**What you should do:**
Produce exactly the lines starting at the one containing "McNair scholar, professionally" and ending at the last line of the material, with nothing added.

----

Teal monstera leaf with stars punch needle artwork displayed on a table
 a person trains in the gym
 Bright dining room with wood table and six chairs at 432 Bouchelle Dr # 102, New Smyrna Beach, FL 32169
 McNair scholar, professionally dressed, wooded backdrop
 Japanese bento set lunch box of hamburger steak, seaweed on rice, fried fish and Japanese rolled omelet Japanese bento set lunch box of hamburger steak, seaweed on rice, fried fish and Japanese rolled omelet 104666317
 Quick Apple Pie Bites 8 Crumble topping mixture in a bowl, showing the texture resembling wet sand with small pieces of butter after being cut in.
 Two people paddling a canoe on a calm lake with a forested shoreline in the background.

----

**Answer to the exercise:**
 McNair scholar, professionally dressed, wooded backdrop
 Japanese bento set lunch box of hamburger steak, seaweed on rice, fried fish and Japanese rolled omelet Japanese bento set lunch box of hamburger steak, seaweed on rice, fried fish and Japanese rolled omelet 104666317
 Quick Apple Pie Bites 8 Crumble topping mixture in a bowl, showing the texture resembling wet sand with small pieces of butter after being cut in.
 Two people paddling a canoe on a calm lake with a forested shoreline in the background.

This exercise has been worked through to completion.